All'Oro di Riccardo Di Giacinto
(foto di Ristorante All’Oro)

 

 

(Rinnovabili.it) – È possibile interpretare la tradizione in modo imprevedibile? Riccardo Di Giacinto, patron del ristorante romano All’Oro, lo fa nel suo “Riassunto di carbonara”: una carbonara senza pasta che abbiamo assaggiato a Taste of Roma 2018. Di Giacinto ha avuto il coraggio di scomporre un classico della nostra cucina, ma il risultato è di tale eleganza e leggerezza da meritare un dieci e lode. Nei suoi piatti la tradizione va a braccetto con la creatività, ma non aspettatevi abbinamenti stravaganti a tutti i costi: la sua cucina vi stupirà per la rivisitazione dei classici della cucina italiana in chiave delicata e saporita nello stesso tempo.

La carriera di Riccardo Di Giacinto è costellata di premi e riconoscimenti: dalla stella Michelin alla forchetta del Gambero Rosso al cappello dell’Espresso. È membro dei Jeunes Restaurateurs d’Europe, un’associazione di giovani ristoratori che associano il talento per la cucina di qualità con la passione per le tradizioni e i prodotti locali.

Nel panorama degli chef stellati, spesso alquanto supponenti, Di Giacinto si caratterizza per umiltà, garbo e disponibilità; parla con grande tenerezza dei suoi genitori e della sua famiglia, e dimostra una sincera attenzione ai clienti, soprattutto per il rapporto umano che ama stabilire con loro.

Il nome del ristorante si riferisce all’alloro – pianta aromatica e robusta – ma è anche una citazione del lavoro che faceva suo padre, l’orefice: un modo per averlo ancora sempre con sé.

 

Com’è nata questa idea così dirompente del “Riassunto di carbonara”?

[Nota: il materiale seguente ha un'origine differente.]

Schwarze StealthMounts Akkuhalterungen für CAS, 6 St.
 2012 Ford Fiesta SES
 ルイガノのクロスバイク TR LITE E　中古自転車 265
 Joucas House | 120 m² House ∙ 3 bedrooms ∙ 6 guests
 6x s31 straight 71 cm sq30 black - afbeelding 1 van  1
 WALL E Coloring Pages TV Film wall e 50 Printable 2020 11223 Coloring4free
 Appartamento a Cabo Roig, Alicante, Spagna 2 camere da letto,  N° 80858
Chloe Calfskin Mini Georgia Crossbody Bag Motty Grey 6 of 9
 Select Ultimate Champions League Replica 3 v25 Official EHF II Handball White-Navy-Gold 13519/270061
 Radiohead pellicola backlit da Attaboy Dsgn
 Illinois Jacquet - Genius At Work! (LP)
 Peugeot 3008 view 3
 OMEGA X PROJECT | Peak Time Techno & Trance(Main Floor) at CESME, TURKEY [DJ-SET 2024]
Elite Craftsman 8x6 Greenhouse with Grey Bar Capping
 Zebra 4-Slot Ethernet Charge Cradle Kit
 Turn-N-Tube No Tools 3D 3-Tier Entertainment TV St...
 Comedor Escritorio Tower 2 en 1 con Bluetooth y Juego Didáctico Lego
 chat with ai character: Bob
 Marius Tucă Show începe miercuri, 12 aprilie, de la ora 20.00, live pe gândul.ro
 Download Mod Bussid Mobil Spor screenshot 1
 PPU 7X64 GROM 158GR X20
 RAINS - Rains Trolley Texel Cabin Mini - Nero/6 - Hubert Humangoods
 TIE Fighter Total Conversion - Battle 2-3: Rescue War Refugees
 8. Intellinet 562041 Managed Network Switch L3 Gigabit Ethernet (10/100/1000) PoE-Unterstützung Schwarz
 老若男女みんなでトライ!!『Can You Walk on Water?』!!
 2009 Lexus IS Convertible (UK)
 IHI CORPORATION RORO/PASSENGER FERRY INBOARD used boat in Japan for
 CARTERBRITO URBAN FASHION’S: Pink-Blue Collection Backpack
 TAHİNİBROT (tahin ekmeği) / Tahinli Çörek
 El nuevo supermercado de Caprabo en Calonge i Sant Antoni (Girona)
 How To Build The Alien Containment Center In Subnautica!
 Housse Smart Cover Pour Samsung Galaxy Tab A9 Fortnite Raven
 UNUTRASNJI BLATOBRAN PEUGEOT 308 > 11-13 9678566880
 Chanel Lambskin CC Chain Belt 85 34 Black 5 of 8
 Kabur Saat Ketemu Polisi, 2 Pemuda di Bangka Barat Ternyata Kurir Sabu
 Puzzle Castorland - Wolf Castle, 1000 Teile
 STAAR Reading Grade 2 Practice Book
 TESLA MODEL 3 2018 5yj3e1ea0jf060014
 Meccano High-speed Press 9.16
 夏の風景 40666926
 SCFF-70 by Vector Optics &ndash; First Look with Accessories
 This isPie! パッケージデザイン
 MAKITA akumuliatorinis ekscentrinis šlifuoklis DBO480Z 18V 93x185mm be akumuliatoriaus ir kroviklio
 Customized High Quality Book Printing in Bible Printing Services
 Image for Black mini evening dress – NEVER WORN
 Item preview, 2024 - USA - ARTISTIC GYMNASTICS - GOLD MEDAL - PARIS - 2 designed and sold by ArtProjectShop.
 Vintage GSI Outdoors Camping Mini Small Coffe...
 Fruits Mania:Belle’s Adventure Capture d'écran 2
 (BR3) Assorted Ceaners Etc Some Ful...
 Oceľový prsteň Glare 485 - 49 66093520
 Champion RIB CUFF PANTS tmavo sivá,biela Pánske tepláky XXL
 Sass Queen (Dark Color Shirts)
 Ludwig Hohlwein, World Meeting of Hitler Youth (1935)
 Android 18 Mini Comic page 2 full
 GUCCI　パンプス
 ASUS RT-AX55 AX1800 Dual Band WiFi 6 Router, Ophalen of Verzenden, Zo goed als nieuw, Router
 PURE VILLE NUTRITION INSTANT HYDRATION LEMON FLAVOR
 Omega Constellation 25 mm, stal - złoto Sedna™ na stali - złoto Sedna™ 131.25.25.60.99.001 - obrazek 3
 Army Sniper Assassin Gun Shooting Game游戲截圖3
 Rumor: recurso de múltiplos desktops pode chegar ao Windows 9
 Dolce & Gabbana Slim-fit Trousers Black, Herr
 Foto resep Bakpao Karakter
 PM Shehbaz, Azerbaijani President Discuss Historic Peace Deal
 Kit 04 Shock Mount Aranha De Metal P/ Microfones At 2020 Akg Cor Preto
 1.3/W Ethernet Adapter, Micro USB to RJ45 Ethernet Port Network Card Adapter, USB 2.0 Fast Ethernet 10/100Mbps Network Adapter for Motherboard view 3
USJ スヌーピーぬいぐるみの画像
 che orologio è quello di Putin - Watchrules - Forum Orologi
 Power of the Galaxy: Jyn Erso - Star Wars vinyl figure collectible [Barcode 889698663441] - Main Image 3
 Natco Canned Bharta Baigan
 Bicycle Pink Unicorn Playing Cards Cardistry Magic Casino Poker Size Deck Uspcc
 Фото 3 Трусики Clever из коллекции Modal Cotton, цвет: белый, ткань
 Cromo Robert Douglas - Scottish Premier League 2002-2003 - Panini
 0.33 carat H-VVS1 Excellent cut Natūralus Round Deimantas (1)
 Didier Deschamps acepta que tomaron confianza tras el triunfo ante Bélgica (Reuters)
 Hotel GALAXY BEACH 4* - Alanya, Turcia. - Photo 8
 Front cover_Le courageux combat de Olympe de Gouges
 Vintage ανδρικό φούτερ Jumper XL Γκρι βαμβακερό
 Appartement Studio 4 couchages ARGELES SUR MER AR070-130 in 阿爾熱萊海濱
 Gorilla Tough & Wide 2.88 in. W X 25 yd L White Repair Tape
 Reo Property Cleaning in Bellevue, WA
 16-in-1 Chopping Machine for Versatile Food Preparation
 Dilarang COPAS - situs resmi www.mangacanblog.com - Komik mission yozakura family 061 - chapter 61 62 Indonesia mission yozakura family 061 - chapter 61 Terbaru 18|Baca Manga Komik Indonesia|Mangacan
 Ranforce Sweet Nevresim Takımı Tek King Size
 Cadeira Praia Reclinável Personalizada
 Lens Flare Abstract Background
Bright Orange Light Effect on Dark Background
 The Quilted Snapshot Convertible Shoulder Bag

Nella mia storia professionale c’è tanta trattoria, tanta tradizione: infatti, non a caso, i miei piatti sono ispirati alla tradizione. Non mi piace stupire, mi piace emozionare giocando con la carbonara o l’amatriciana da altre prospettive. Ho vissuto undici anni in giro per il mondo per conoscere e studiare culture alimentari e preparazioni diverse da quelle italiane. Nei nostri piatti non c’è mai un ingrediente anomalo inserito in modo forzato, ma riuscire a emozionare con una cosa buona mi rende felice. Siamo molto attenti ai cambiamenti della società: negli ultimi venti anni la vita è diventata sempre più veloce e frenetica, quindi bisogna pensare alle cotture, alla leggerezza, alla digeribilità. Ormai non ci muoviamo più: l’unico movimento è quello del dito che scorre sullo smartphone. Per questo ritengo che un cuoco moderno debba fare attenzione anche a queste cose, come pure all’evoluzione dei gusti e delle richieste dei clienti: nei nostri locali, infatti ci sono piatti vegani come pure preparazioni per i celiaci.

 

Vedo nel menù anche il pollo alla cacciatora, una tipica pietanza della cucina delle famiglie. Lei, come mi ha detto, ha trascorso molto tempo all’estero (ha fatto esperienza, tra l’altro, da Ferran Adriá e Marco Pierre White). Qual è stato il motore del rientro? Affettivo, perché legato al suo paese e alla sua famiglia, o perché ritiene che in Italia la ristorazione di alto livello sia apprezzata più che altrove?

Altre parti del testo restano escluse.